Sempre me felicitei por decisão tão acertada.  Paulo estreitou contato com o pessoal do CPC, e logo depois transferiu-se para o Rio.  Passou dificuldades, morou um tempo com meu irmão, então em vida clandestina, no apartamento de uma velha profissional do sexo aposentada, mas acabou vencendo, pela chama da sua inteligência.  As peças “Se Correr o Bicho Pega, se Ficar o Bicho Come”, “Gota d’Água”, “Brasileiro, Profissão Esperança”, “Um Edifício Chamado 200”, foram fruto dessa parceria, que envolveu também Ferreira Gullar e Chico Buarque.

Quando João Agripino foi eleito governador da Paraíba, em 1966, Paulo foi contratado para fazer uma peça sobre o nosso Estado natal, e o fez com brilhantismo.  PARAÍ-BÊ-A-BÁ, um painel alegre e pitoresco da história paraibana, apresentando seus heróis, escritores, artistas, cangaceiros, tipos populares e doidos mansos, foi sucesso local e nacional.  No tempo em que fixou-se em João Pessoa, para produzir a peça, convivemos bastante.  Passou as festas de fim de ano comigo, como se fosse um parente nosso, na casa de praia de minha família, para onde íamos todos, invariavelmente, a cada verão.

Mais tarde, visitei-o várias vezes no Rio, ele já casado com Bibi Ferreira.  E só fiquei sabendo bem depois que, nessa ocasião, quando as coisas ficaram feias após o AI-5, eles abrigaram, numa granja de Bibi, meu irmão foragido.  Conversávamos sobre os seus planos: encenar no Brasil a peça “O Homem de La Mancha”, levar ao palco o romance de Astúrias, “O Senhor Presidente”, e até sobre uma peça de dura crítica ao comercialismo da televisão (“Dr. Fausto da Silva”), não representada suponho mesmo que por causa desse melindroso tema.  (Nela, um apresentador de TV decadente, no desespero de reconquistar audiência, põe em cena a própria mãe, cancerosa em estágio terminal, e a pobre velhinha morre em cena).

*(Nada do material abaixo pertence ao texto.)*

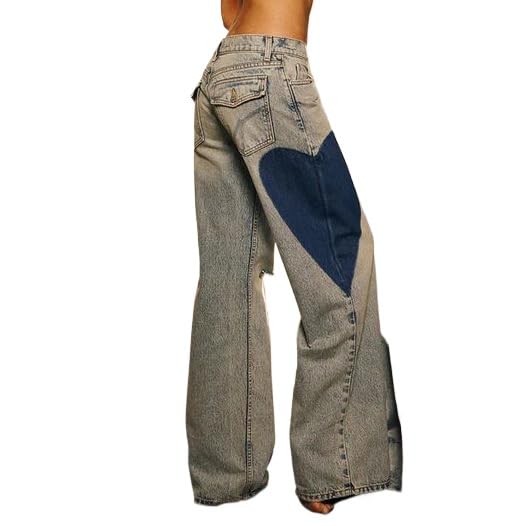Side Seam Low Waist Heart-Shaped Jeans for Women, Washed and Worn Straight Leg Spliced Denim Pants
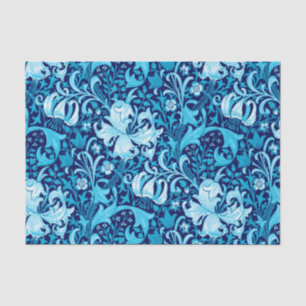 Papier Mousseline Iris de William Morris et lis, bleu d'indigo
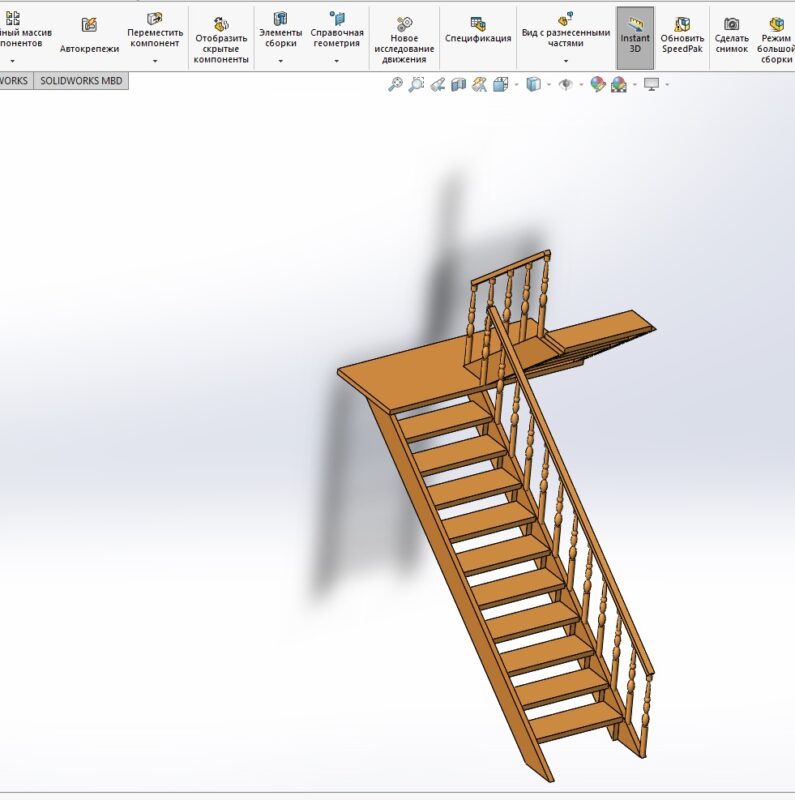 3D модель Лестница двухмаршевая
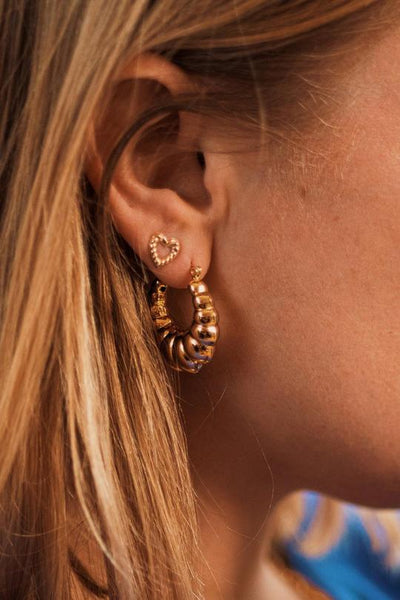 Meryl Heart Stud Earring Gold Filled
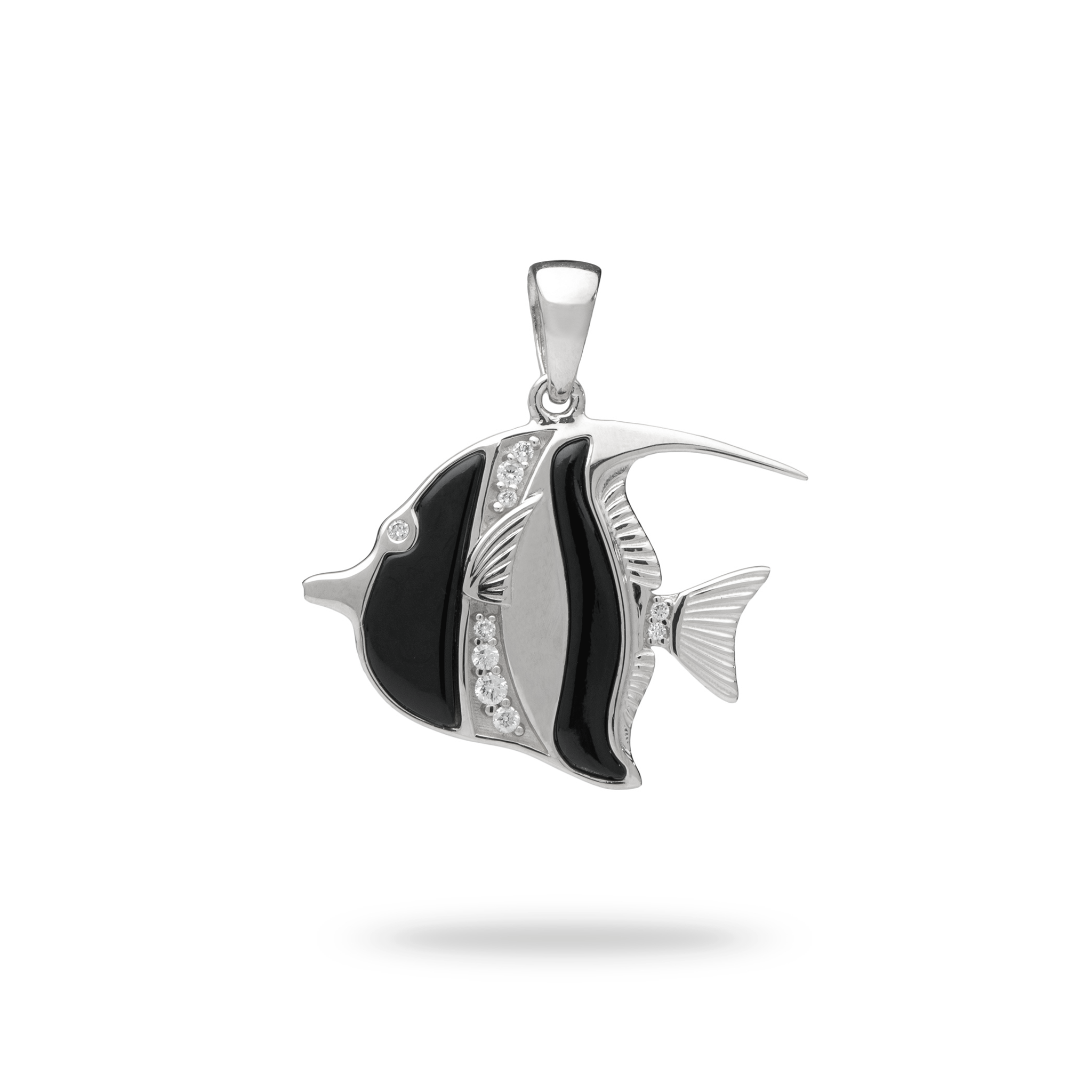 SEALLIFE Angefish Black Coral Pendant en or blanc avec des diamants - 23 mm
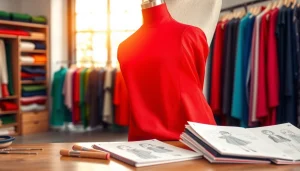 Punta di Roma stof op een stijlvol pop, met kleurrijke stoffen in de achtergrond.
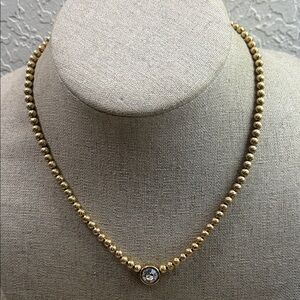 1928 Gold Beaded Necklace with Crystal Charm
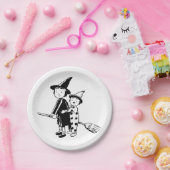 Kleine Hexe und Clown Pappteller (Party)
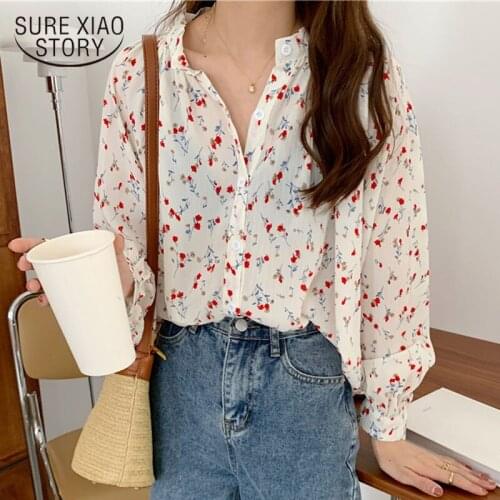 2020 Autumn Floral Print Puff Sleeve Women Shirts Casual Plus Size Loose Chiffon Blouse Women Cardigan Ladies' Tops Blusas 10316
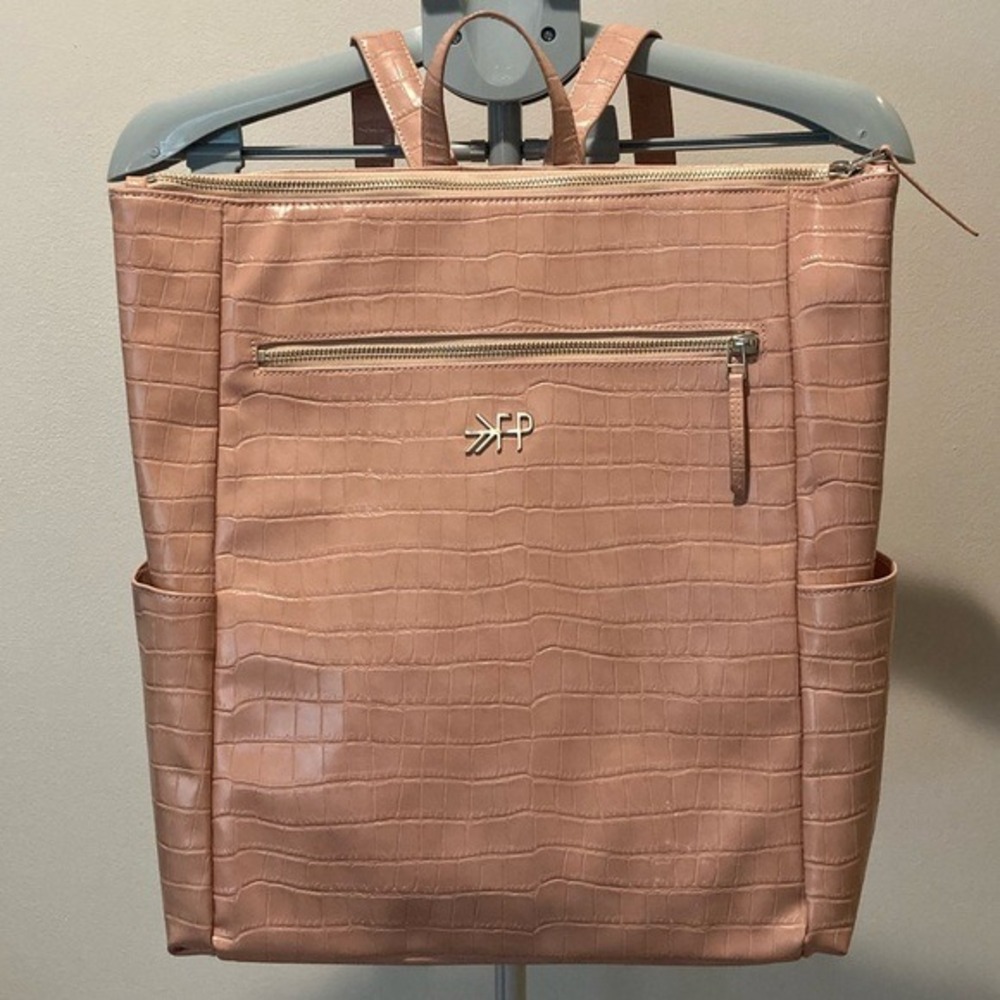Freshly Picked Vegan Leather Baby Diaper Bag Changing Pad‎ Croc Pink Chic Edgy
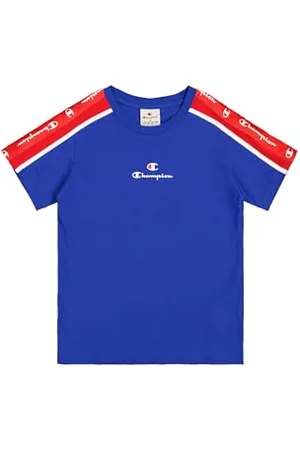 Champion Legacy Retro Sport B (306859) - T-shirt à col rond avec bande SS, bleu profond (BAI/CRD/WHT), 3-4 ans (XXS) Garçons FW24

Mas a sua saúde era precária, e ele nada fazia para preservá-la.  Fumava, tinha úlceras, era extravagante.  Chegou a fazer uma peça ironizando a própria internação hospitalar.  Um câncer de pulmão o levou antes dos quarenta anos, e o país perdeu um de seus maiores teatrólogos de todos os tempos. Não tive o privilégio, ou a dor, de estar com ele, em seus últimos momentos.

A Paraíba deu o seu nome a um dos melhores teatros de João Pessoa, mas tudo terá sido pouco como homenagem a essa grande figura das artes cênicas brasileiras que, para minha honra, foi meu amigo, quase irmão.